We previously discussed the lawsuit against Case Western and former dean (and former George Washington law professor) Lawrence Mitchell. Mitchell has been accused of retaliating against his former associate dean Raymond Ku, including suggestions of three-some trysts with students and administrators. Ku’s allegations have been affirmed by a former administrator who came with Mitchell to Case Western from GWU, Daniel Dubé. There are also unnamed faculty and students referenced in the complaint. [For Dubé’s affidavit, click here] Mitchell later resigned but pledged to remain as a faculty member at Case Western. At the time, I discussed Mitchell’s options as limited but suggested that “he would be marketable at corporate law firms where these allegations may be viewed as less of a problem, particularly if he goes to New York.” Well, he has now announced that he is indeed in leaving in a blog posting entitled “Leaving Egypt” . . . for New York.
The news of Mitchell’s departure was mentioned in a long investigative report by the local media, a story that is both brutal toward Mitchell and Case Western President Barbara Synder.
What is sad is that the article discusses the many positive things that Mitchell did as dean. He started out quite strong with innovative ideas and an energetic outreach to donors and alumni. Mitchell is an excellent writer with an impressive list of academic work in his area of corporate law. He was well on his way to a successful deanship at a school that badly needed such a leader.
As a litigator, it is the type of expose that you fear in litigation. It deals scenes of Mitchell getting drunk at parties and propositioning students as well as scenes of Mitchell making out with young girls at grocery stores and other public events. It also refers to an alleged picture of Mitchell making out at such a party. Dubé adds more details including being used by Mitchell to separate female staff from their dates to allow Mitchell to allegedly try to pick them up.The article is quite detailed, including students who give measured but ultimately damaging accounts like “To be quite frank, it would not be inaccurate to describe him as a dirty old man, but that said, there’s nothing wrong with being a dirty old man as long as you are able to keep that in an appropriate setting.” Likewise, a female law student recounts how she ran into Mitchell with a young girl at a Cleveland Heights grocery store: “I was like, ‘Oh, cute he’s with his daughter.’ But then he starts making out with her in the meat section.” One student correctly notes that this is a smaller legal community and Mitchell may have not appreciated how transparent you are as a dean at a leading local school. However, it is not clear that these public accounts of amorous conduct with young women involved law students or staff. Indeed, they remain unproven and anonymous. The identity of such women is likely to be added to the discovery demands — presenting even greater problems in damage control for the defense.
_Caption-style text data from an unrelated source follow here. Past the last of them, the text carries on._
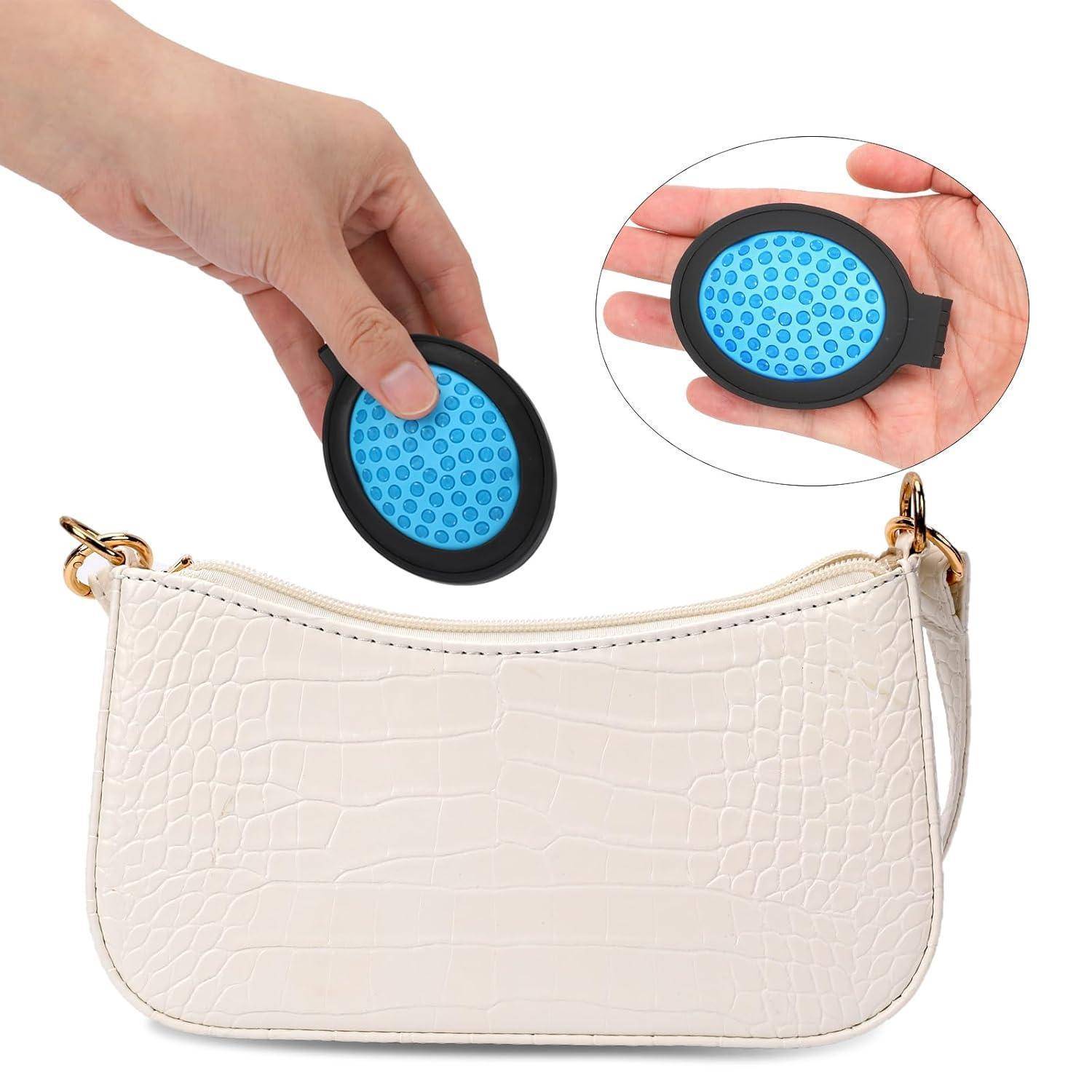 Eine weiße, krokodilgemusterte Handtasche, in die eine Hand einen scheibenförmigen blauen Organizer in eine Innentasche einschiebt und dabei die Nutzung des Stauraums betont.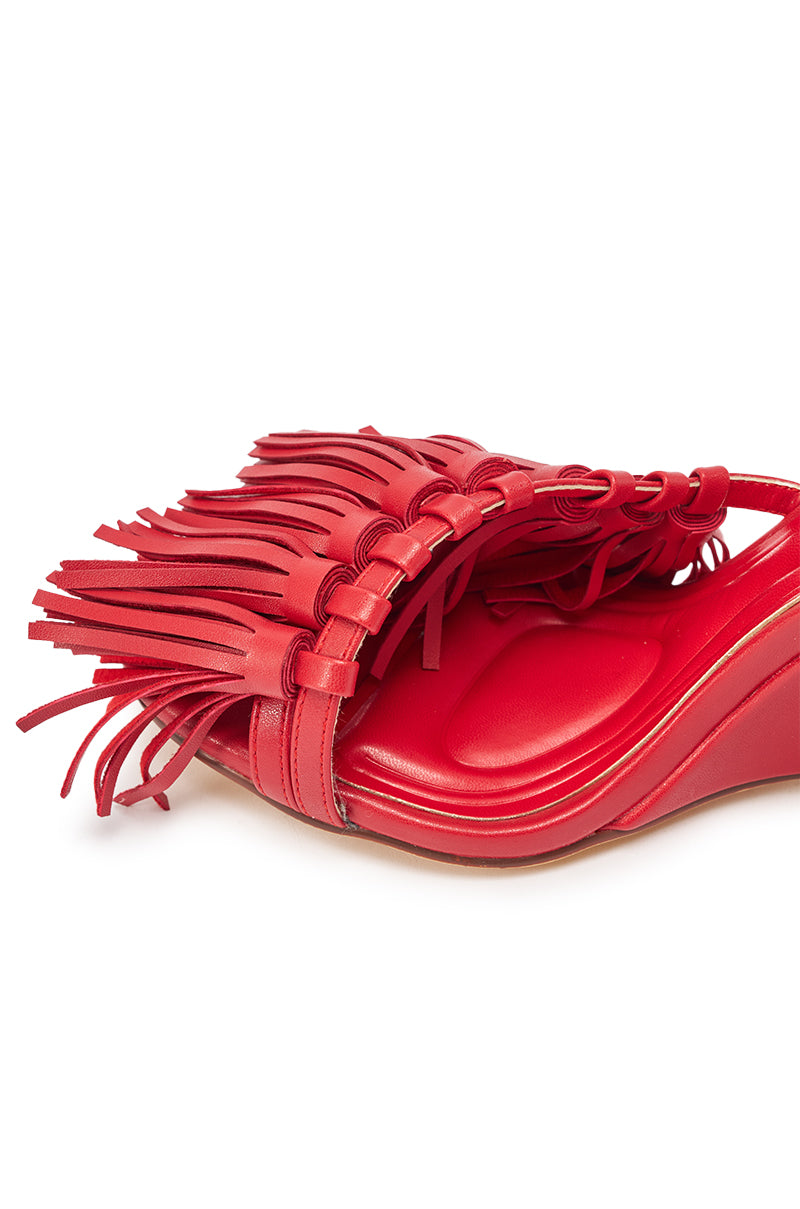 A close-up of the AZALEA WANG PHRIXOS Red Wedge Fringe PU Sandal featuring a cushioned footbed, comfy slingback design, and multiple thin leather strips forming a stylish fringe for a chic, modern look. 6
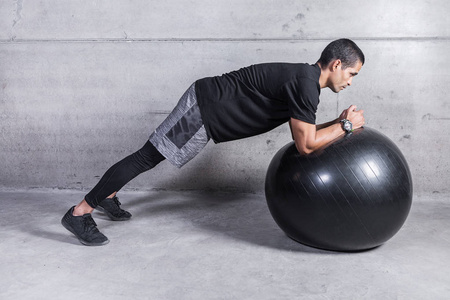 私人教练在灰色混凝土背景下用健身球展示腹肌锻炼的侧面视图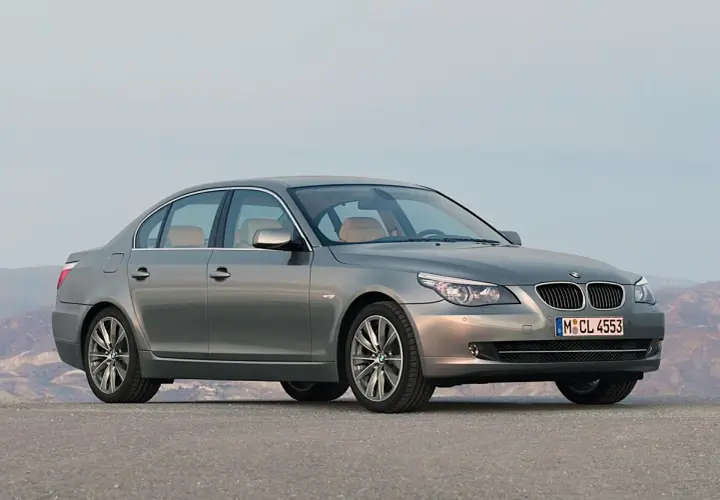 Szary sedan BMW 535d na tle górskiego krajobrazu.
However, this is a case about harassment and retaliation. The plaintiffs will have to establish that nexus. Yet, given the underlying claims and alleged cause for the harassing conduct, discovery will necessary delve into these allegations.
In the meantime, Mitchell’s lawyers are trying to get the judge reversed on a discovery order. They previously tried unsuccessfully to strike portions of the complaint. I noted at the time that such motions are highly doubtful in a case like this and tend to not only alienate the court but send the wrong message on the concerns over the allegations. The motion was predictably denied. The current motion to limit discovery is equally questionable. Appellate courts are very reluctant to second guess such matters and very rarely reverse such orders. This is not the type of strategy that one would expect if you wanted to get to trial and win on the merits. Frankly, it is the type of strategy you often see from large companies or government agencies to wear down litigants in hope for a settlement or abandonment of the litigation. However, it could also be simply highly aggressive litigation and a view that Mitchell has nothing to lose in seeking to curtail the case. Moreover, Mitchell is known for joking about sexual matters and the jury could well find that many of these references statements were simply bawdy humor. Additionally, the accounts of Mitchell being seen making out with young women does not confirm that they were either staff or students. There remains much that still remains to establish in discovery. Mitchell insists that this remains a case of disgruntled and hostile former colleagues and staff. He has reaffirmed his intention to prevail in court in disproving these allegations.
In his blog, Mitchell compares himself to Moses with a picture of Jews escaping from Egypt after Moses divided the Red Sea. He relates a conversation that he had with a Rabbi and how he felt like this was a place of oppression for him. He describes Cleveland as “a place for me of pain, of disillusionment, of disappointment.” He announced that “I’ve been thinking a lot about it and about where I’m going – to my own promised land.”